Over the centuries, the above topic has been a serious argument between linguists concerning the intuitive nature of language in the world. The question now is what does it really mean when language is said to be an intuitive phenomenon?
As Chomsky (1977) contends “the child in his initial state is uninformed as to the language speech community in which he lives.” He further argues that certainly the child is endowed with some set of mechanisms (i.e. language faculty), what the Swiss linguistic scholar, De Saussure called ‘facult de language’ in 1910. In this sense according to Chomsky child is innately born with predisposition or capacity for language acquisition. This faculty is said to be located at the left hemisphere of the child. Chomsky in this case classified among those scholars who believe in inborn knowledge of language. Also according to Nigerian applied linguist, Olaoye (2008), a child has innate or inborn ability or capacity to acquire any language. This inborn mechanism according to him is known as Language Acquisition Device (LAD).
Against these notions of inborn nature of language are the behaviourists, who believe that language acquisition is not a mental phenomenon but has to do with behaviour based on stimulus-response. That is, language is acquired through the stimulus-response of an individual.
Sapir(1921) contends that language is a purely human and non-instinctive method of communication ideas, emotions, and desires by means of voluntarily produced symbols. Language In this sense, therefore is common to only human and even natural since it is only human beings that have ability to use utterances to express their ideas, emotions and desires.
However, some scholars further argue that, if language is said to be natural and dedicated to human alone as presupposed by the naturists, it would be a wrong view due to the fact that other apes and animals communicate among themselves using language. This view was challenged by Lyon (1968) that these animals and apes communicate between themselves using onomatopoeic sound. That is no animal or ape makes use of language but merely onomatopoeic sounds. In supporting this view, O’Grandy propounded thirteen designed features of language, which all said to be common to human being alone and no any other apes or animals achieve all these features.
These features include: interchangeability, arbitrariness, feedback, displacement, duality of patterning, specialization, discreteness, tradition, reflexiveness, prevarication; learnability, productivity and semanticity. Among all these, the duality of patterning was found never to be common to other apes or animals but only humans. Duality of patterning implies the ability of the users to put together meaningless units (i.e. phonemes) to form arbitrary signs, which can be used to form meaningful larger units like sentence.

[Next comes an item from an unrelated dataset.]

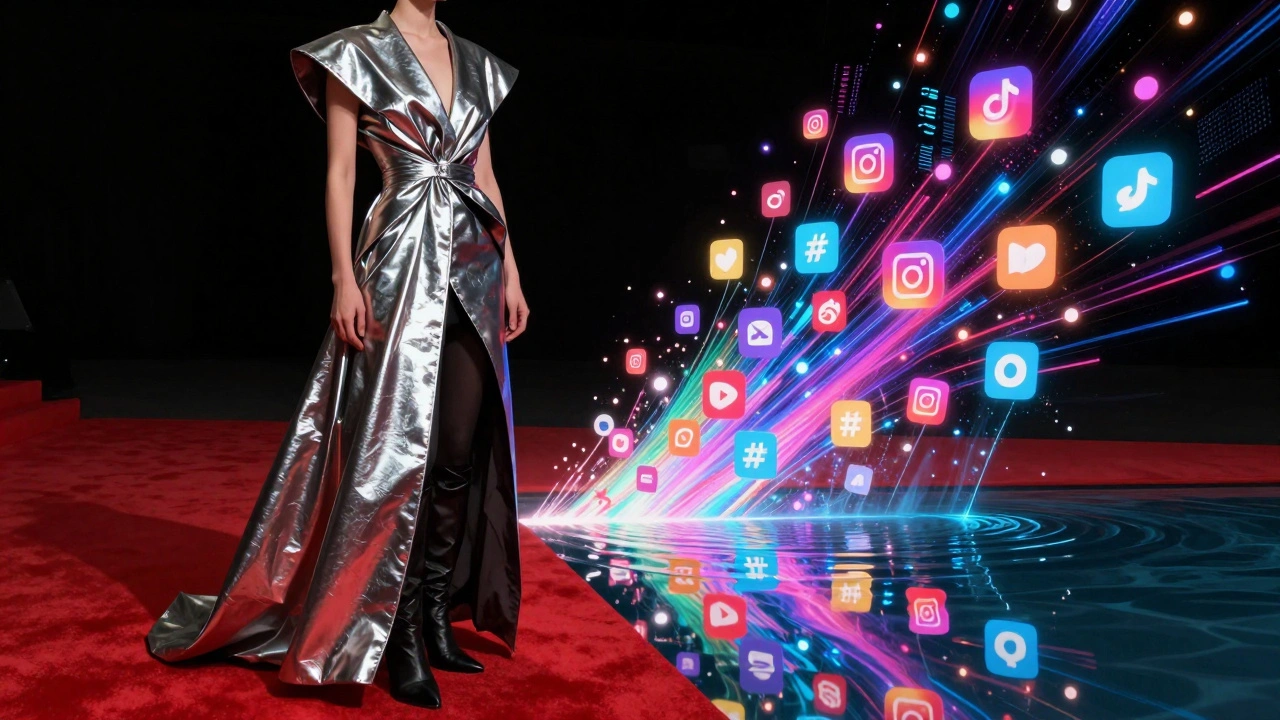 Conceptual art of red carpet fashion merging with social media graphics.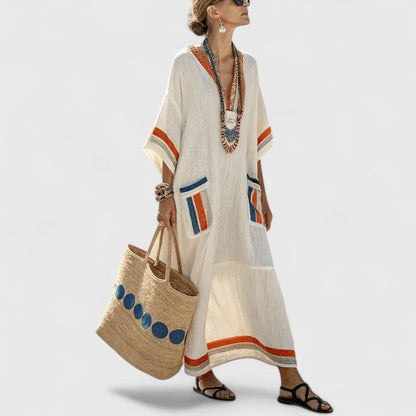 Luna | Women's V-Neck Striped Linen Maxi Dress with Pockets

The argument upon the intuitive nature of language has often been traced to centuries ago, when a Sanskrit linguistic scholar, Panini, who lived between 520-460 BC, proposed that language is not to be regarded as having intuitive structure. His notion later led to the establishment of two philosophical schools Aristotle and Stoic. The former believed that everything in humans including language is inborn or natural. This school is referred to as Analogist philosophical school. The latter in the other hand followed the view of Panini and denied language to be natural; with the view that language can even be created by man. This is also referred to as Anomalist philosophical school.
From a sound observation so far, if language is said to be non-natural phenomenon and can be created by man as being argued by the conventionalists, who follow the Panini’s view, how many of these machines created by man can acquire, speak and even make use of utterances like man so far? We have actually seen the technological development in the world today like recent discoveries and development of robotic machine, which follows human instruction to act and even deliver messages, but this does not make robot machine to acquire language other than that created into it by man. Human beings have been successful in using language to refer to the past, present and future events and much more in creativities like combining meaningless units (phonemes) to form arbitrary signs, which also are used to form meaningful larger ones like sentences. Animals and other apes never achieve these natural gifts. Human beings use language to think logically to arrive at sound or effective decision-making, while the so-called robotic machines never achieve this other than the decision given to them to carryout by man.
From these arguments and discoveries so far, language from a clear observation, is natural which means that human beings are innately born with such faculty to acquire.